F5ネットワークスジャパン 代表取締役社長 権田裕一氏

 このような、急速に高まるセキュリティへのニーズに応えるため、F5は2019年12月に、セキュリティベンチャーであるShape Securityを約10億ドルで買収している。Shape Securityは、クレデンシャルスタッフィングなどの攻撃からシステムを保護するサービスを提供しており、すでに大手銀行、eコマース、航空会社、政府機関などの顧客を抱えている。このShape Securityのソリューションを、F5はマルチクラウド環境のアプリケーション保護のサービスポートに統合していくという。

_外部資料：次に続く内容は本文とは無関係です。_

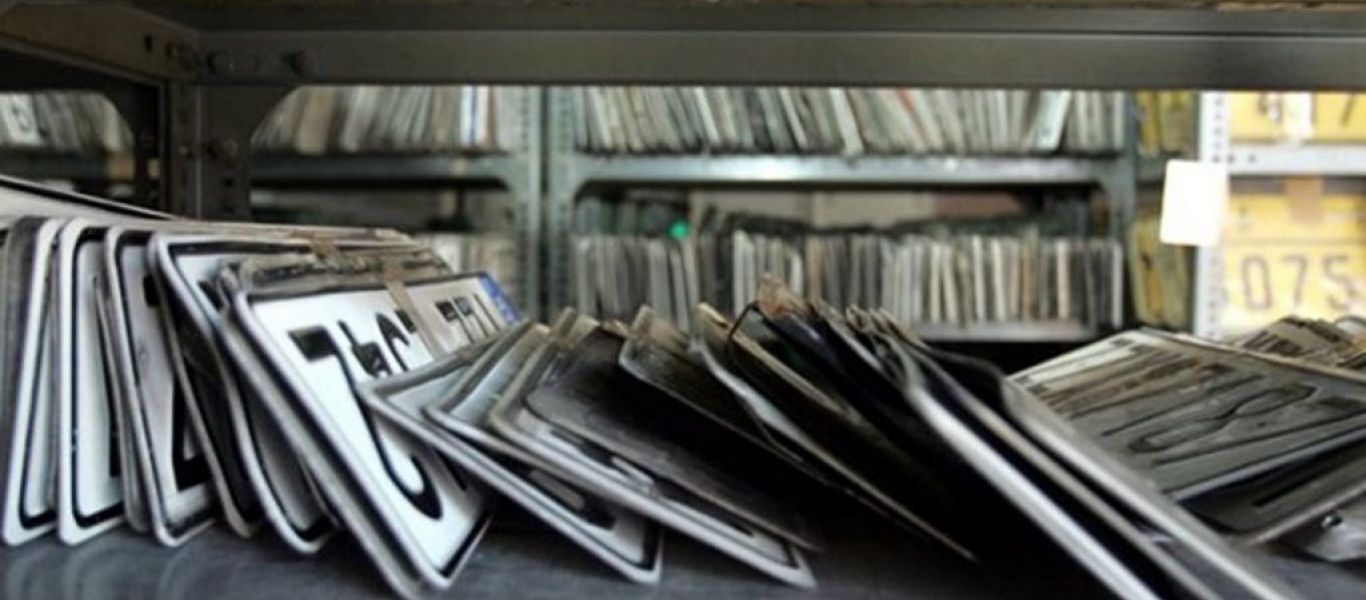 Σε λειτουργία η πλατφόρμα MyCar για την ψηφιακή κατάθεση πινακίδων – Πώς λειτουργεί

 来日した米F5 チーフレベニュー&カスタマーオフィサーであるハサン・イマム氏は、顧客に提供する認証やセキュリティ対策における現状について、「企業は顧客に対してより安全なエクスペリエンスを提供する必要があると考えており、多要素認証やワンタイムパスワードといった対策を行っている。しかし、このようにエクスペリエンスになんらかのフリクション(摩擦)を与えることは、顧客に“煩わしい事”や“これまでと違う操作”を押し付けることであり、そもそものデジタルジャーニーの目的には反している言わざるを得ない。しかも、それらの対策が必ずしも効果を上げているとは限らない。私たちは、セキュリティ対策のために顧客にフリクションを与える必要はないと考えている」と述べた。

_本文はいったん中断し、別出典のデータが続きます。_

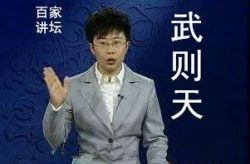 百家讲坛武则天mp3,传奇女皇的崛起与传奇人生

米F5 チーフレベニュー&カスタマーオフィサーのハサン・イマム氏

 IDやパスワードといった個人のクレデンシャルを狙う攻撃は、ここ数年で急速に深刻化している。他人になりすましてサービスにログインするアカウントテイクオーバー(ATO)による2016年の被害金額は23億ドルで、前年の14億ドルから64%も増加している。これは発生率の増加を上回っており、一件あたりの被害がより高額になっていることを示している。また、流出した個人情報を悪用した新規アカウント詐欺(NAF:New Account Fraud)の被害も多く報告されている。

クレデンシャル流出インシデントは増加している

 ATOなどの詐欺は攻撃者のほんの数%であるにもかかわらず、被害額は非常に大きく、しかも検知や防御が難しい攻撃であるという。このような攻撃に対してShape Securityのソリューションは、包括的なアプリケーションセキュリティを提供し、既存のアマチュアアタッカーからの攻撃はもちろん、高い技術で実行される自動化された攻撃や、ソーシャルアタックと呼ばれる人による攻撃からも保護することができるとのこと。

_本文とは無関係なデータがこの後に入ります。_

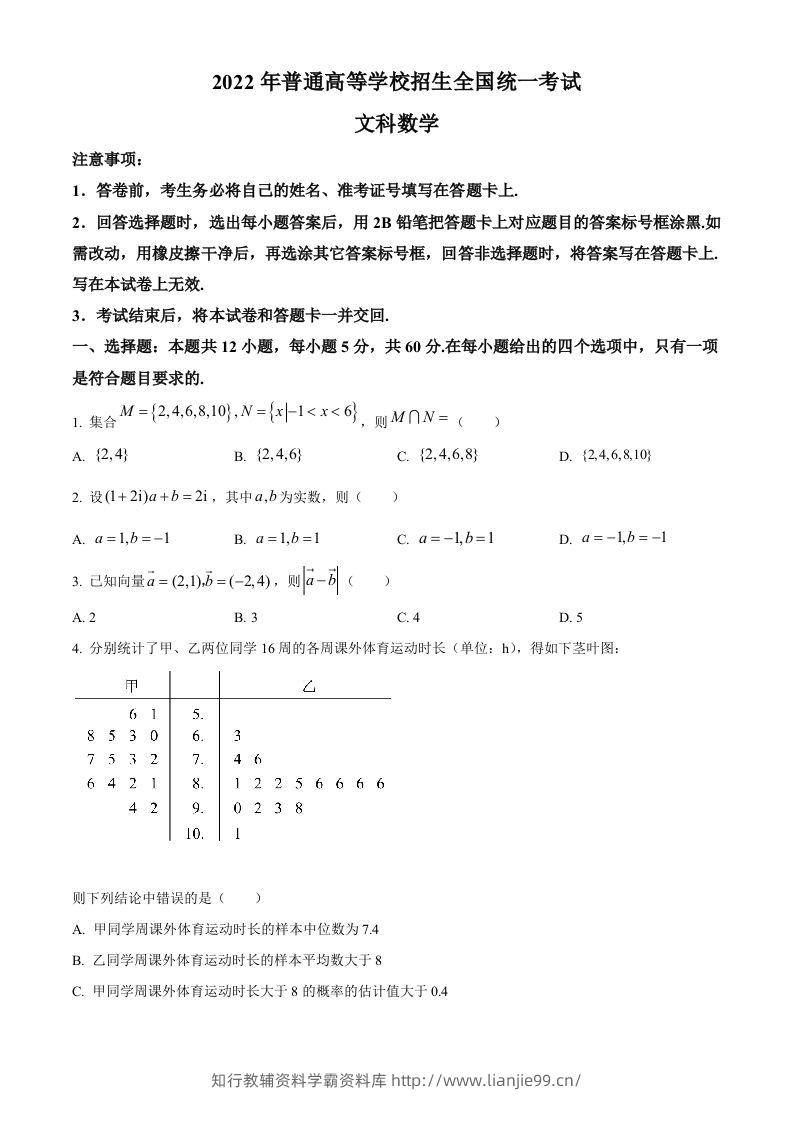 2022年高考数学试卷（文）（全国乙卷）（空白卷）-学霸资料库学科资源下载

 巧妙に他人になりすました攻撃をどのように検知するかについて、イマム氏は「犯罪組織による深刻なサイバー攻撃は、AIやマシンを利用して大規模に実行されるため、何らかのエビデンスが発生する。Shapeのテクノロジーは、このエビデンスを検知する」と説明する。

ほんの数%の攻撃者が被害を大きな生み出すが、検知は非常に難しい。Shape Securityのソリューションは、これらの犯罪も検知して防御できる

 具体的なソリューション構成としては、WebアプリにはShape JS、モバイルアプリにはSDKのコードを実装し、セキュリティと詐欺のテレメトリーを収集して、これらの情報をもとにクラウド上の「ShapeShifters」がリアルタイムで悪用を検知。ネットワークをストップする。

 さらに「Shape Cloud AI」によって、継続的にすべてのトランザクションを分析して詐欺を検知し、システム全体を「Shape Threat Mitigation Service」が運用するとした。

 イマム氏は、「ShapeはすべてのF5デプロイメントに合わせることが可能で、すべてのアプリケーションにセキュリティを提供できる」と説明する。

すべてのアプリケーションへの詐欺を防御

 なおイマム氏は「すでに、多くの企業がフリクションのないカスタマーエクスペリエンスの必要性に気づいている。セキュリティを担保するために、カスタマーエクスペリエンスを妥協してしまえば、企業の競争優位性が失われてしまう」と述べ、すでに日本国内でも大手小売の企業がShape Securityのソリューションの導入を決定したことを明らかにした。そのほかにも金融、小売、航空などの企業から問い合わせが来ているという。